Professional liability (also called errors and omissions) covers claims tied to advice your trainers and staff give. A member who follows a trainer's nutrition or exercise guidance, then suffers an injury or health event, may argue that guidance caused the harm. Even if your trainer did everything right, defending that claim costs money. Professional liability pays legal costs and settlements for covered negligence claims against your staff — including situations where no actual mistake was made but the allegation still has to be answered in court.

Commercial Property

Commercial property coverage protects your physical assets: the cardio machines, free weights, squat racks, locker room fixtures, point-of-sale systems, and supplement inventory. If a fire damages your facility or a break-in results in stolen equipment, this coverage pays to repair or replace what was lost. It applies whether you own the building or lease the space, and it can be packaged with general liability in a business owner's policy (BOP) to simplify your coverage.

Workers' Compensation

Workers' compensation covers medical treatment and lost-wage replacement when an employee is injured or becomes ill because of their job. In Idaho, most employers with one or more employees are required by law to carry it. A personal trainer who injures their back demonstrating a lift, or a front-desk employee who strains their wrist during a slip, qualifies for benefits under workers' comp. It also limits your exposure to civil lawsuits from injured employees, which is equally important.

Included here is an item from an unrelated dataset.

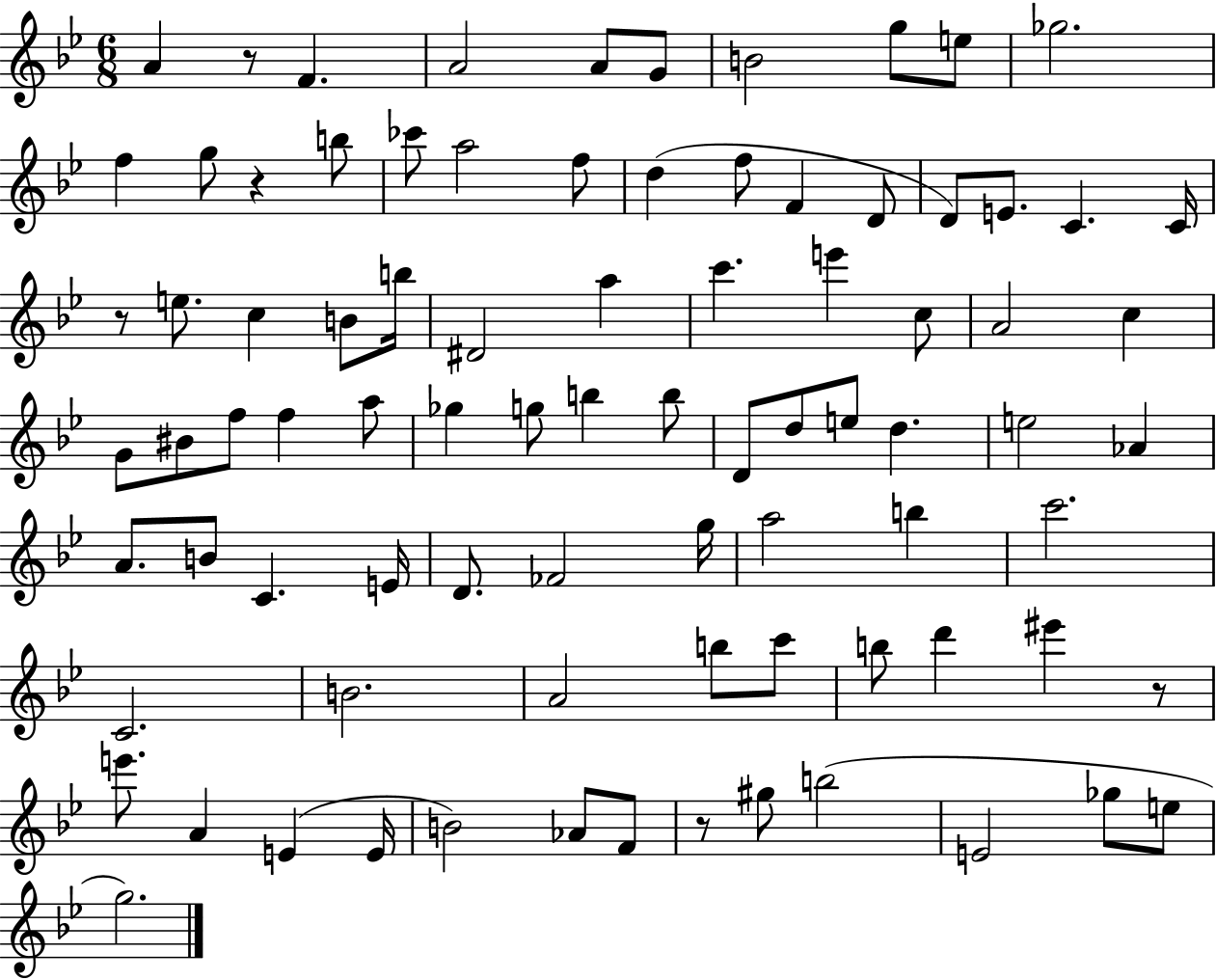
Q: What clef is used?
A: treble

Employment Practices Liability (EPLI) and Business Income

Employment practices liability (EPLI) covers claims from employees alleging wrongful termination, discrimination, harassment, or similar workplace disputes. Small fitness businesses often underestimate this exposure, but any employer with staff can face these claims. Business income coverage is a separate but related protection: if a covered event like a fire or burst pipe shuts your gym down for days or weeks, business income coverage replaces the revenue you lose while you are closed for repairs. These two policies address risks that your property and liability coverage alone will not touch.

Pairs well with

Commercial Umbrella Insurance

A commercial umbrella policy adds a high-limit layer of liability protection above your general liability, workers' comp, and commercial auto limits. A serious member injury claim or a multi-defendant lawsuit can push costs well past standard policy limits, and an umbrella fills that gap.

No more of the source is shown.